**WHAT YOU ARE ASKED TO DO**
After locating the line with "Poltrona Girevole A", retype it and every later line exactly, stopping at the end of the records.
—————
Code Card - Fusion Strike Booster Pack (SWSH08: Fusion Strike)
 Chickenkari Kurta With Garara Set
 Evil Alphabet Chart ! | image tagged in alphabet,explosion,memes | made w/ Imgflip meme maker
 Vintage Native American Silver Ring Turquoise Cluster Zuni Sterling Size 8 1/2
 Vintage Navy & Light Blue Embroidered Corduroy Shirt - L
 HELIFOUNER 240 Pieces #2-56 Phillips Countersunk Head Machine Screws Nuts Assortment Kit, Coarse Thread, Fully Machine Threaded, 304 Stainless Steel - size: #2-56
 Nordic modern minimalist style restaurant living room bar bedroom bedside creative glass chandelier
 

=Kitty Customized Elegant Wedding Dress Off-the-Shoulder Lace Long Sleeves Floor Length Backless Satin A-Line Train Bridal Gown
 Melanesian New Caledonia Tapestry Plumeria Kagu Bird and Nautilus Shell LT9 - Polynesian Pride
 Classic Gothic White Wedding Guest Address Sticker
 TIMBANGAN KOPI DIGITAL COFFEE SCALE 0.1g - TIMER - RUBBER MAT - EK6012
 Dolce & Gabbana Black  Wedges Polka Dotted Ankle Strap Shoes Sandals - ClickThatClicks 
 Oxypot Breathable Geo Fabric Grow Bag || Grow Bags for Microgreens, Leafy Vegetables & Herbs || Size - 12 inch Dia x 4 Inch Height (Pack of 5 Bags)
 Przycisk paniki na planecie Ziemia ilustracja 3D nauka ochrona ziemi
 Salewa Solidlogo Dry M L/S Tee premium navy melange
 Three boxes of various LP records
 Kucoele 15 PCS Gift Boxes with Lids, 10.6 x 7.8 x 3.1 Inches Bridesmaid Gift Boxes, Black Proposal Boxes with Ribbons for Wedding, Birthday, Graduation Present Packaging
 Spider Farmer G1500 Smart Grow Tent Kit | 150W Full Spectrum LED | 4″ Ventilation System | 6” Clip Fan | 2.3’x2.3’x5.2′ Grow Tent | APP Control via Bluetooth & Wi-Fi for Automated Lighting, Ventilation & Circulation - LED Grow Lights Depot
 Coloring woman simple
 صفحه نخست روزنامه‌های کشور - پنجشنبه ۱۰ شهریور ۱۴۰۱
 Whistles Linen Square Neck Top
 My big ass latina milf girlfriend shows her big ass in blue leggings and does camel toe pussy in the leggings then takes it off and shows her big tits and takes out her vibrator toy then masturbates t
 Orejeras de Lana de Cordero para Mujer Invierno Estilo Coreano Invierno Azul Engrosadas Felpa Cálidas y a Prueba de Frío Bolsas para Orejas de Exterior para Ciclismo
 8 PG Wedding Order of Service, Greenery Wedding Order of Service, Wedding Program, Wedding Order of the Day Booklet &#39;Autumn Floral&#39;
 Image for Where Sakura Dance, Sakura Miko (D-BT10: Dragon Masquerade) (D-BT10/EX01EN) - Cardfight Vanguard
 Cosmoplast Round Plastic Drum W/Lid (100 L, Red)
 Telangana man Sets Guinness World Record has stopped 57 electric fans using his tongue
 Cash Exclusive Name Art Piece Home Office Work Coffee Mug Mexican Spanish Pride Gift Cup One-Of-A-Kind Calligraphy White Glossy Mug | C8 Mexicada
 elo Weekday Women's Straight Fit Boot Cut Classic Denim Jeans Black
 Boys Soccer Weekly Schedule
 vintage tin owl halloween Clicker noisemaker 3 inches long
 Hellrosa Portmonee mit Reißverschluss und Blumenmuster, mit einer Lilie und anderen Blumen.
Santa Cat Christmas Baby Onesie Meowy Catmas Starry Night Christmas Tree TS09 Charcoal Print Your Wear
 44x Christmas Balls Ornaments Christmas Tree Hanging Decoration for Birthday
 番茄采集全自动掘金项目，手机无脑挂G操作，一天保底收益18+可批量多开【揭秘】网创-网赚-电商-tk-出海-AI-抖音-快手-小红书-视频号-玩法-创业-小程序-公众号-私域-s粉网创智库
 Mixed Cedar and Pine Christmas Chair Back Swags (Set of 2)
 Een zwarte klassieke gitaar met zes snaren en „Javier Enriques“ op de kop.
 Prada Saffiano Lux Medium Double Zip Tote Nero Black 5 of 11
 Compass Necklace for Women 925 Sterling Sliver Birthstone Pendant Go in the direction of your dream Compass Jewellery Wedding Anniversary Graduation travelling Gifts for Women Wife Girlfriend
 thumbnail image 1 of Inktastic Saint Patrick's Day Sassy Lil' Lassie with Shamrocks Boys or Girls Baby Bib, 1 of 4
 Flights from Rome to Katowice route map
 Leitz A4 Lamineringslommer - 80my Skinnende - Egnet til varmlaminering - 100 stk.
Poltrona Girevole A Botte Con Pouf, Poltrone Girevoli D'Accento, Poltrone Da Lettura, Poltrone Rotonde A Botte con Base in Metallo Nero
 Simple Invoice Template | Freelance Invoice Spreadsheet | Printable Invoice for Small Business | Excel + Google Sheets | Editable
—————
**TASK OUTPUT**
Poltrona Girevole A Botte Con Pouf, Poltrone Girevoli D'Accento, Poltrone Da Lettura, Poltrone Rotonde A Botte con Base in Metallo Nero
 Simple Invoice Template | Freelance Invoice Spreadsheet | Printable Invoice for Small Business | Excel + Google Sheets | Editable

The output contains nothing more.